Mais c’est sans doute dans l’aéronautique que le gouvernement Jospin parie de faire mieux que Juppé. Celui-ci avait prévu la privatisation après fusion du groupe constitué par Aérospatiale et Dassault, dont Dassault détiendrait entre 15 à 25 % du capital. Pendant la campagne électorale, Jospin avait déclaré qu’il était pour la constitution d’un grand groupe comprenant Dassault, Aérospatiale, Thomson-CSF et Matra, mais public, sans privatisation. Or, aujourd’hui, le gouvernement prépare un projet prévoyant le transfert de la part de l’Etat dans le capital d’Aérospatiale, 45,9 %, dans Dassault. Dassault qui a le soutien du gouvernement pour reprendre d’ici peu, en association avec Alcatel-Alsthom, Thomson-CSF, sur lequel Lagardère, associé avec Daewoo avait lorgné, en vain, en 96.

Le gouvernement Jospin étudie et recherche, en somme, les meilleures conditions pour offrir au capital privé, des entreprises les plus rentables possibles, les ministres communistes suivant et faisant accepter. Les militants et sympathisants du parti communiste qui ont hué Robert Hue lorsqu’il a parlé des privatisations dans son discours à la fête de l’Huma, ne s’y sont pas trompés.

Seulement, le problème pour nous les travailleurs, ce n’est pas " privatisations " ou soi-disant " services publics ". Bien sûr aujourd’hui, il est clair que les privatisations se traduisent par autant de cadeaux à la bourgeoisie et de licenciements ou dégradations de leurs salaires et conditions de travail pour les salariés et les usagers. Et les travailleurs ne peuvent que s’y opposer. Mais les entreprises publiques, ou nationalisées dans les années 80, ont toujours été pour l’Etat un moyen de servir les intérêts des capitalistes privés : la fortune des actionnaires d’Alcatel, par exemple, a été faite, dans les années 70, par les marchés que les PTT lui avaient procurés pour des centraux téléphoniques qui avaient été entièrement conçus par les ingénieurs de l’entreprise publique. La SNCF a fait les profits de Bouygues qui a reçu le marché des voies du TGV et de l’Alsthom qui en fabrique les locomotives. Les nationalisées de 81 ont été renflouées de plusieurs dizaines de milliards par l’Etat, restructurées, " dégraissées ", pour être vendues, une fois rentables, au capital privé.

Gayssot d’ailleurs, le ministre communiste des Transports, a très ouvertement, dans ses déclarations protestant contre les " privatisations ", défendu l’intérêt des patrons en parlant au nom des " intérêts de la France ", de la " compétitivité " nécessaire... Pas un mot sur l’intérêt des travailleurs, car il n’est pas, c’est clair, au gouvernement pour le défendre.

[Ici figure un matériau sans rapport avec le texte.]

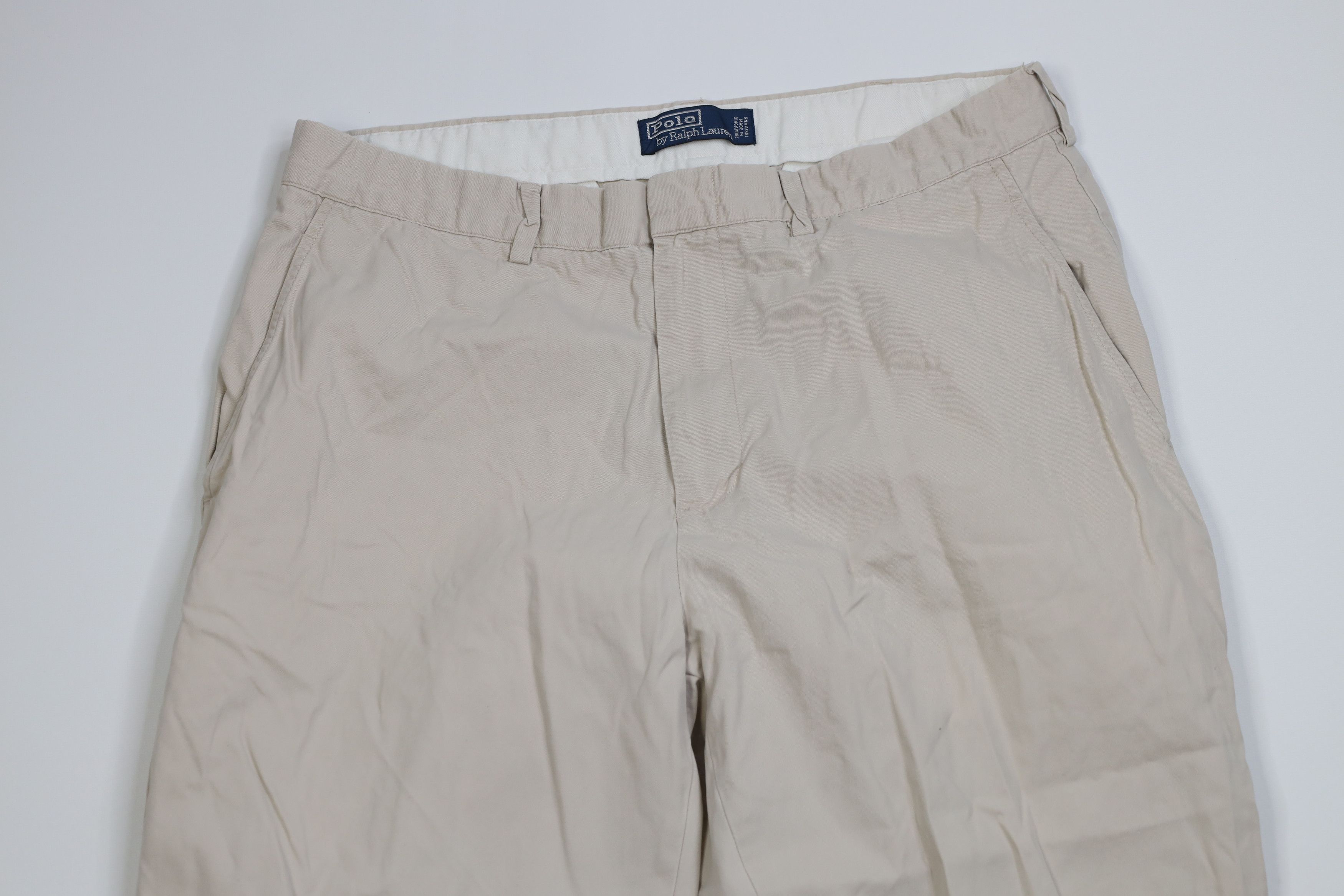 Polo Ralph Lauren Vintage 90s Ralph Lauren Wide Leg Chino Pants Trousers Stone Size US 34 / EU 50 - 2 Thumbnail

C’est ainsi qu’il a déclaré à " La Tribune " à propos d’Air France : " je considère que le fait qu'Air France soit une entreprise publique est un atout pour le transport aérien français. Cela, par exemple, a permis au pavillon français de revenir à 42 % de part de marché sur l'Atlantique Nord face aux américains, contre 26 % en 1992. " Entre temps, les salariés ont fait grève à plusieurs reprises, mais ce n’est pas son problème.

Alors, la question véritable, c’est que quelle que soit la forme juridique ou le statut de l’entreprise, la politique de l’Etat a toujours consisté à permettre aux capitalistes privés de s’enrichir en mettant à leur disposition l’argent des contribuables. Les " entreprises publiques " ne sont pas plus sous le contrôle de la population et au service de ses intérêts que les privées, alors que les unes comme les autres ne fonctionnent d’ores et déjà que grâce au travail collectif de centaines de milliers de salariés. Et c’est bien dans les comptes et la marche des unes et des autres que nous, leurs salariés comme les usagers ou consommateurs, bref l’ensemble du monde du travail, nous devrons mettre notre nez pour les rendre réellement " publiques ".